Learn – Algebra foundations – Sets of numbers

Set representations, relations, operations

Exercises

Problem set

Represent the following sets in Venn diagrams.

$A = \{Alex, Rita, Parul\}, B = \{Brian, Rita, Jane\}$
$P = \{1,2,3,4,5\}, Q = \{1,3,5,7,9\}$
$M = \{Romeo, Juliet, Layla, Majnun, Akbar\}$ , $N = \{Romeo, Majnun\}$ , $P = \{Juliet, Layla\}$ , $Q = \{Amar, Akbar, Anthony\}$
$A = \{1,2,3,4,5,6\}$ , $B = \{1, 3, 5\}$ , $C = \{2,4,6\}$ , $D = \{3, 6, 9, 12\}$
$A = \{0,-1,1,-2,2,-3,3\}$ , $B = \{0,1,2,3\}$ , $C = \{0,-1,-2,-3\}$ , $D = \{1,2,3,4\}$

Problem set

Assume $A = \{1,2,3,4,5\}, B = \{1,3,5\}, C = \{2,4,6\}$ . For each of the following, indicate if the statement is true or not.

$B\subseteq A$
$C\subseteq A$
$A\supseteq B$
$A\supseteq C$
$A\subseteq\mathbb{N}$
$A\supseteq\mathbb{N}$

Problem set

If $A = \{1,2,3\}$ , $B = \{2,3,4\}$ , find $A \cup B$ and $A \cap B$ .
If $E = \{\cdots,-6,-4,-2,0,2,4,6,\cdots\}$ , $O = \{\cdots,-5,-3,-1,1,3,5,\cdots\}$ , find $E \cup O$ and $E \cap O$ .

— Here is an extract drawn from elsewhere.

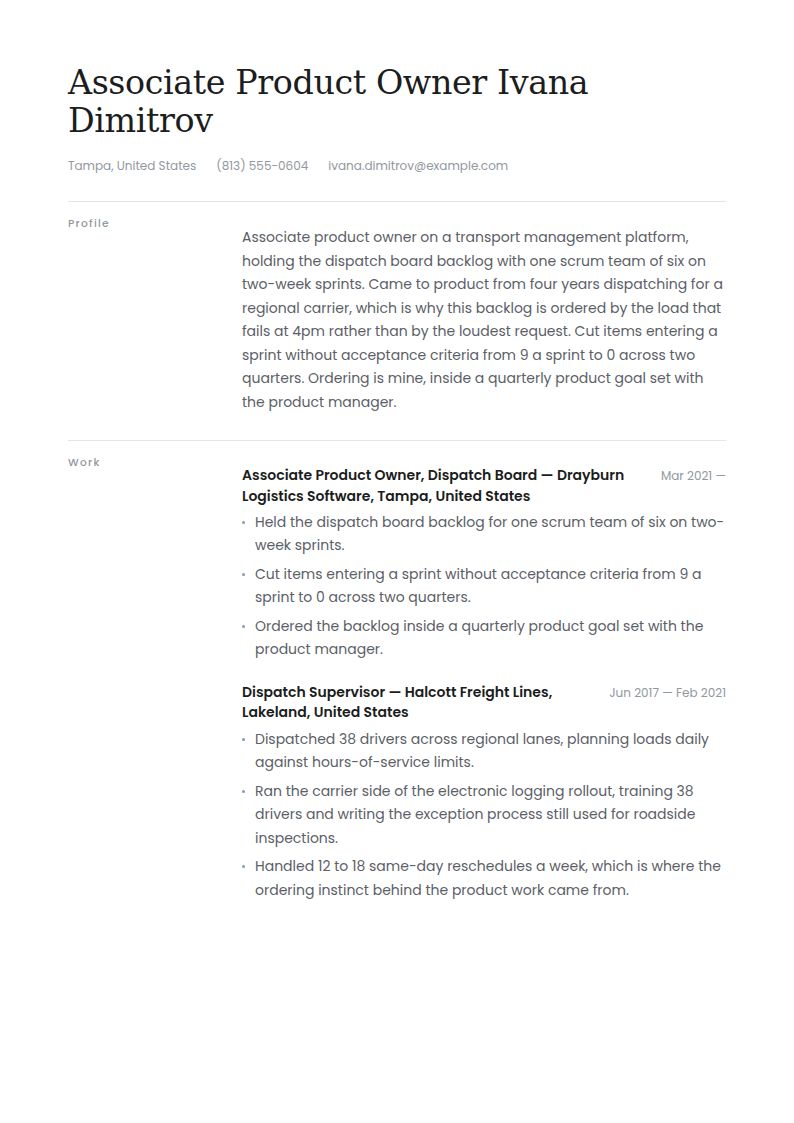 Product Owner Resume Examples & Templates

Natural numbers and integers

Exercises

Problem set

For each of the following, indicate if the statement is true or not.

$5 \in \mathbb{N}$
$-245 \in \mathbb{N}$
$10203040506070 \in \mathbb{N}$
$12345678 \in \mathbb{Z}$
$-12345678 \in \mathbb{Z}$

Problem set

For each of the following, indicate if the statement is true or not.

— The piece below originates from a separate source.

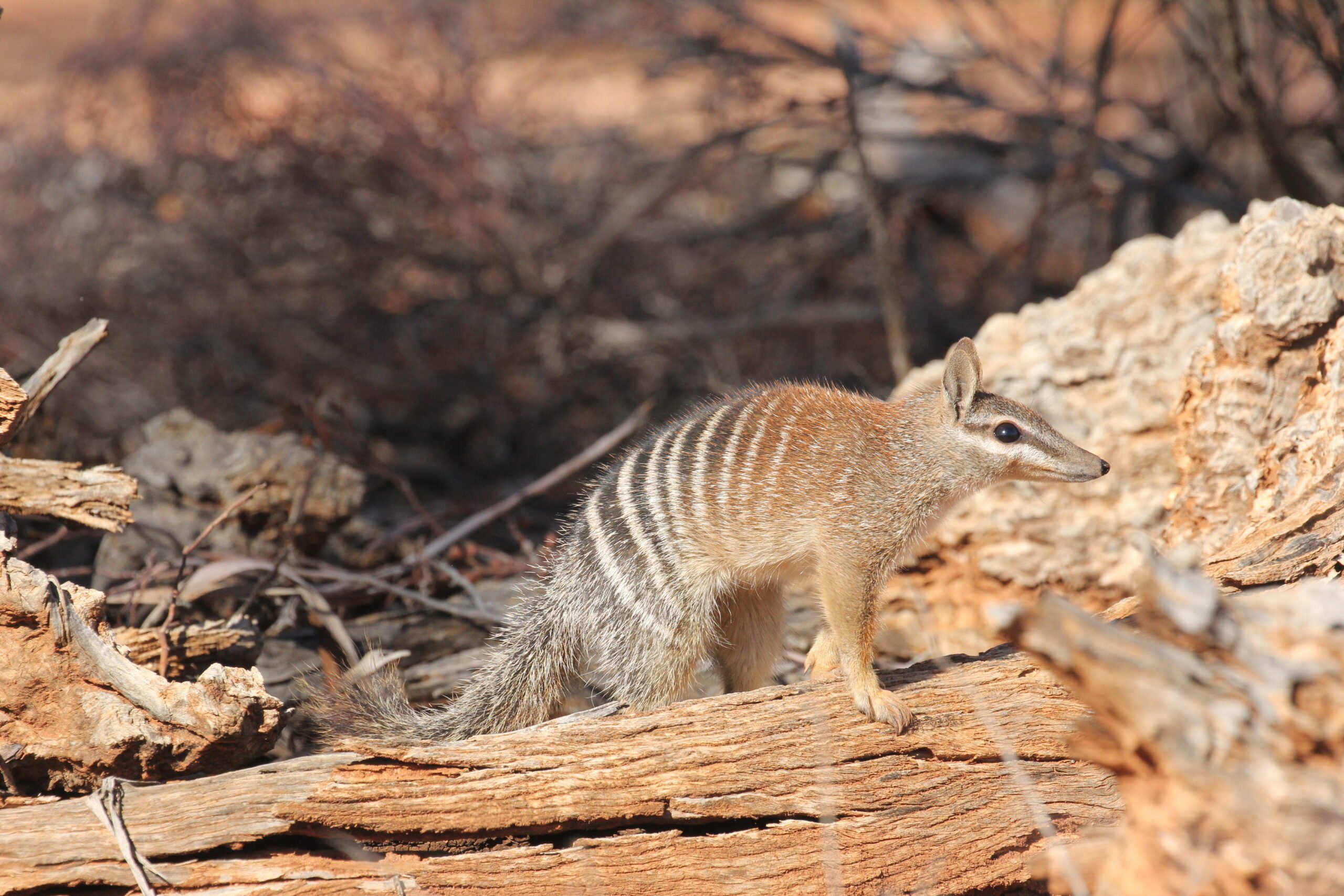 Image for article: Spreading the joy: Help us help our native numbats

$\mathbb{N} \subseteq \mathbb{Z}$
$\mathbb{Z} \subseteq \mathbb{N}$
$\mathbb{Z} \subseteq \mathbb{Q}$
$\mathbb{R} \subseteq \mathbb{Q}$
$\mathbb{Q} \subseteq \mathbb{R}$

Problem set

Represent the following sets in Venn diagrams.

$\mathbb{N}, \mathbb{Z}$
$\mathbb{N}, \mathbb{Z}, \mathbb{Q}$
$\mathbb{Z}, \mathbb{N}, \mathbb{R}, \mathbb{Q}$

Problem set

Express the following in set builder notation.

Set of all integers less than $-1000$ .
Set of all natural numbers from $10$ through $1000$ .
Set of all integers from $-200$ through $100$ .
Set of all natural numbers except $33$ .
Set of all integers except $0$ .

Problem set

For each of the following, answer if it is true or false.

If $A = \{x\,|\,x\in\mathbb{N}, x \ge 179\}$ , then $179 \in A$ .
If $B = \{a\,|\,a\in\mathbb{Z}, a \ge -8\}$ , then $-10 \in B$ .
If $C = \{y\,|\,y\in\mathbb{N}, y \le 1000\}$ , then $3.8 \in C$ .
If $D = \{p\,|\,p\in\mathbb{Z}, p \le -1\}$ , then $-10.1 \in D$ .

Problem set

Express the following in set builder notation.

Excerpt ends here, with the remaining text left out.